[Dataset entries]
------------------------

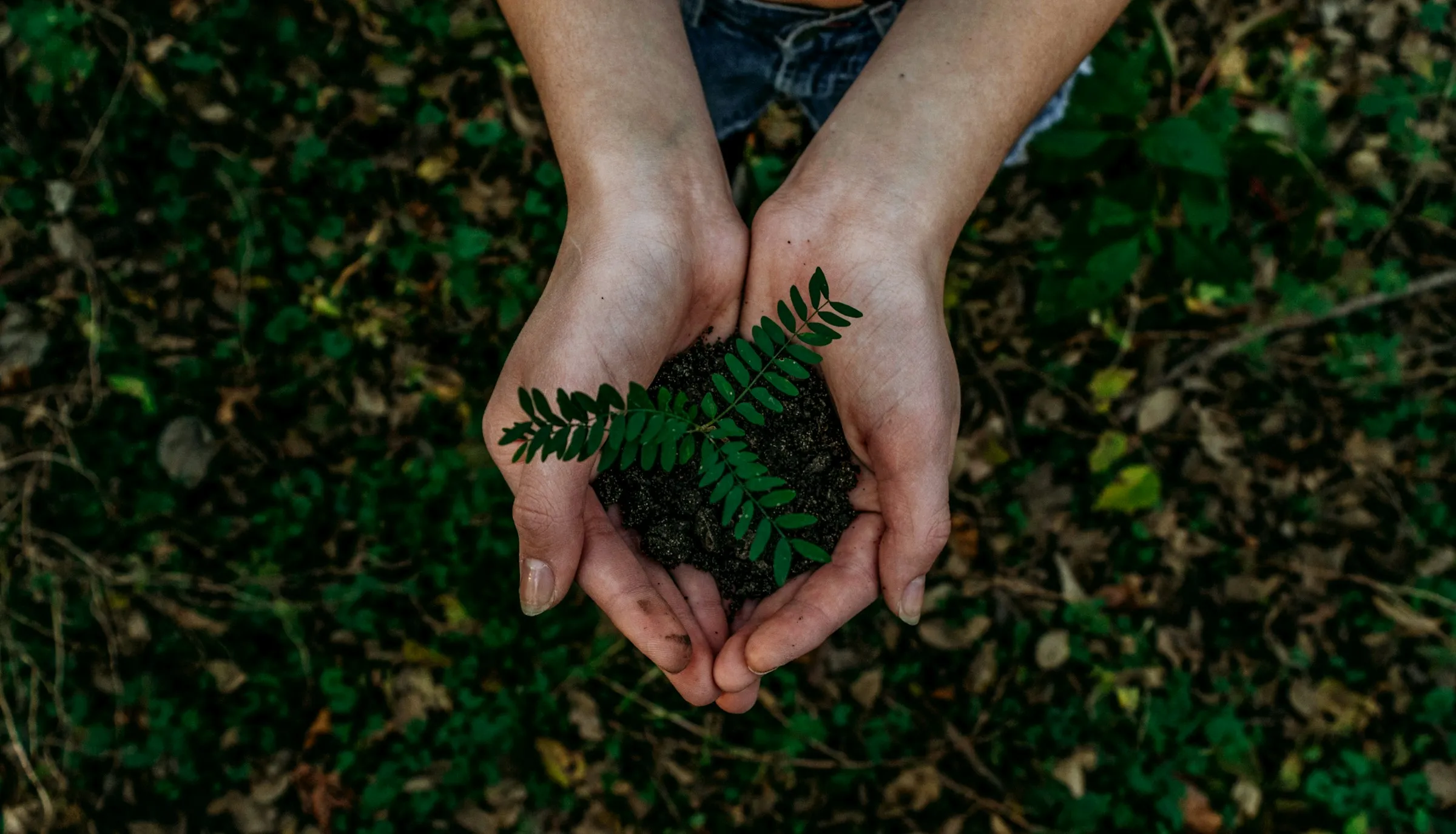 SUSTAINABILITY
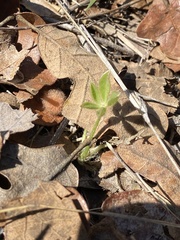 Lupinus texensis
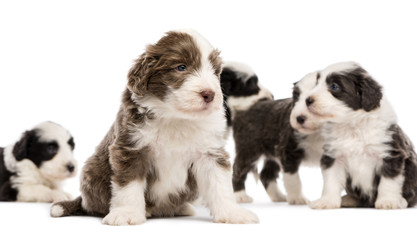 Bearded Collie puppies, 6 weeks old, sitting, lying and standing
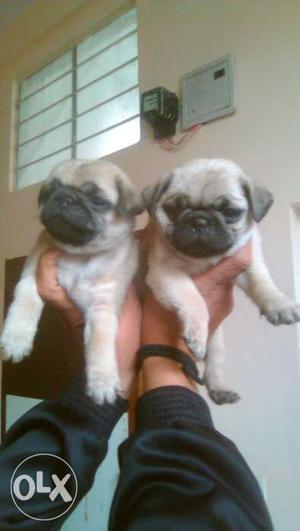 Pug male and female pups avilable Male 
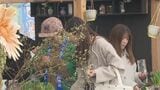 「若者歓迎」観葉植物ブームで変わる植木市　人気の苗はマツ→ブルーベリーやライラックなど“実や花”に　|　熊本のニュース｜RKK NEWS｜RKK熊本放送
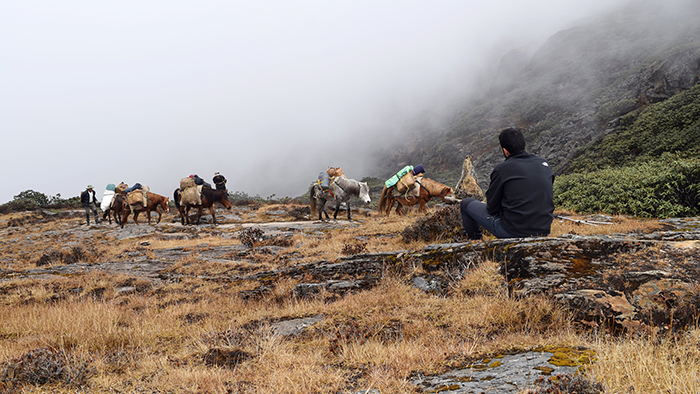 The Druk Path Diaries: Exploring Bhutan
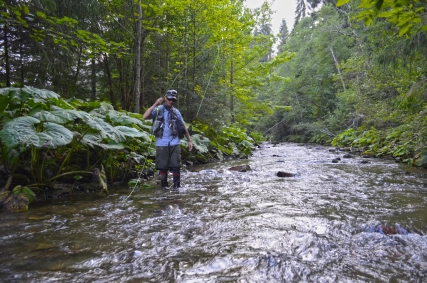 This repeated 127 times on that day This repeated 127 times on that day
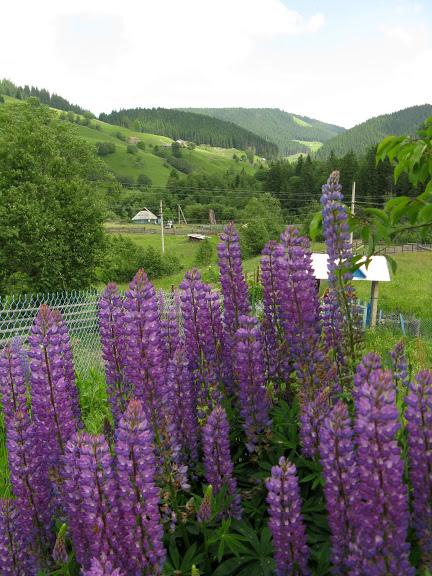 Ukraina - Karpaty - Bialy Czeremosz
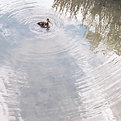Picture Title - Ripples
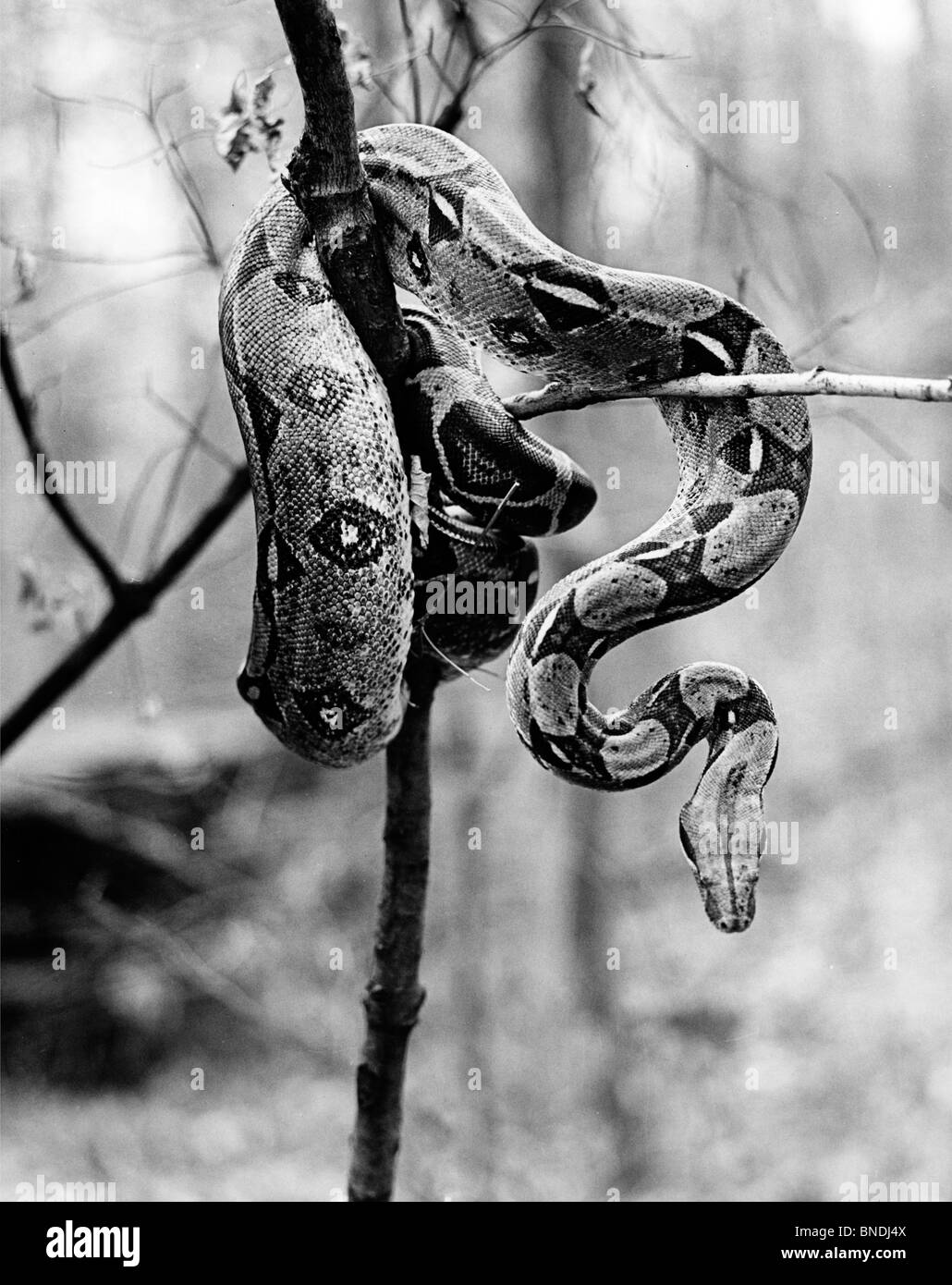 Boa constrictor snake Black and White Stock Photos & Images - Alamy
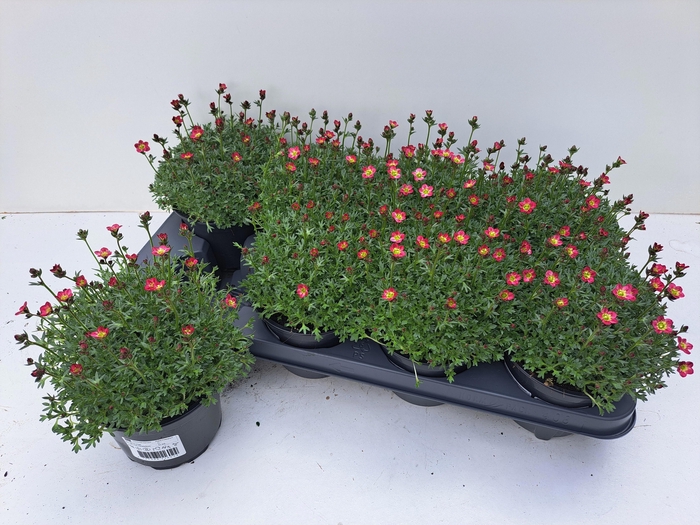 <h4>SAXIF AR PETER PAN</h4>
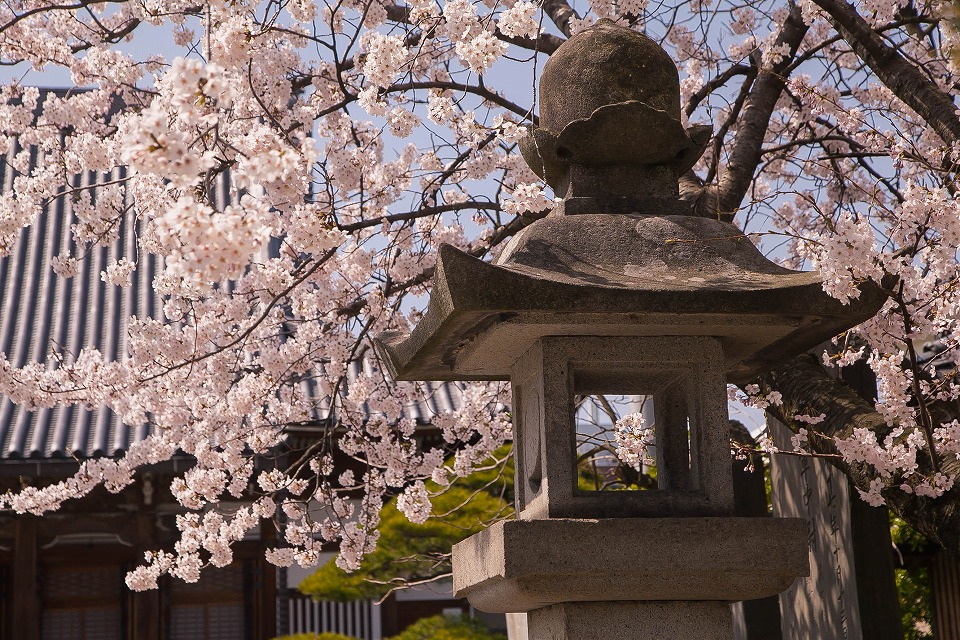 超願寺の桜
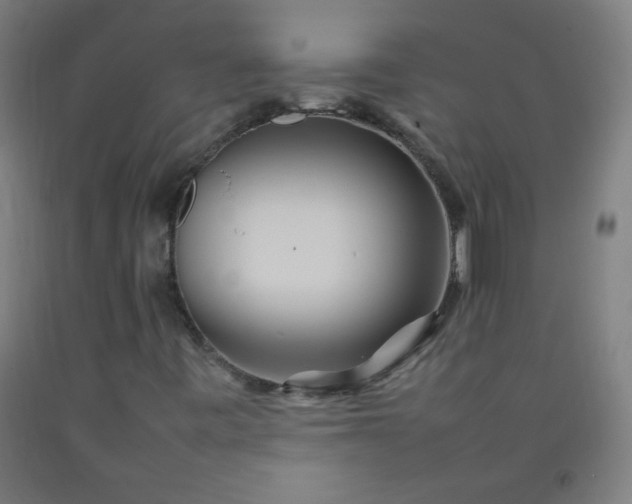 X0000092211443200709281013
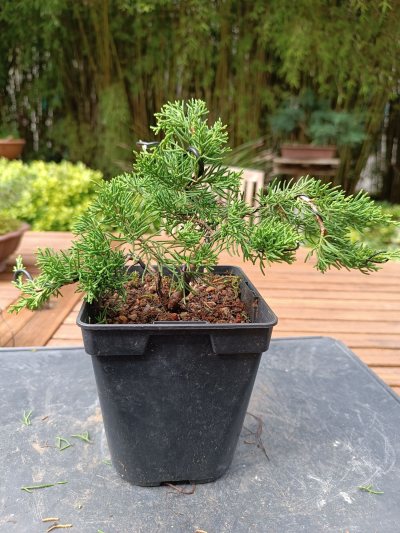 Juniperus Itoigawa 095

------------------------

Action item
What is needed is a word-for-word copy of the lines from the one containing "Picture Title - Ripples" through the final line of the records above, both included, with the pictures left out.

Response
Picture Title - Ripples
 Boa constrictor snake Black and White Stock Photos & Images - Alamy
 <h4>SAXIF AR PETER PAN</h4>
 超願寺の桜
 X0000092211443200709281013
 Juniperus Itoigawa 095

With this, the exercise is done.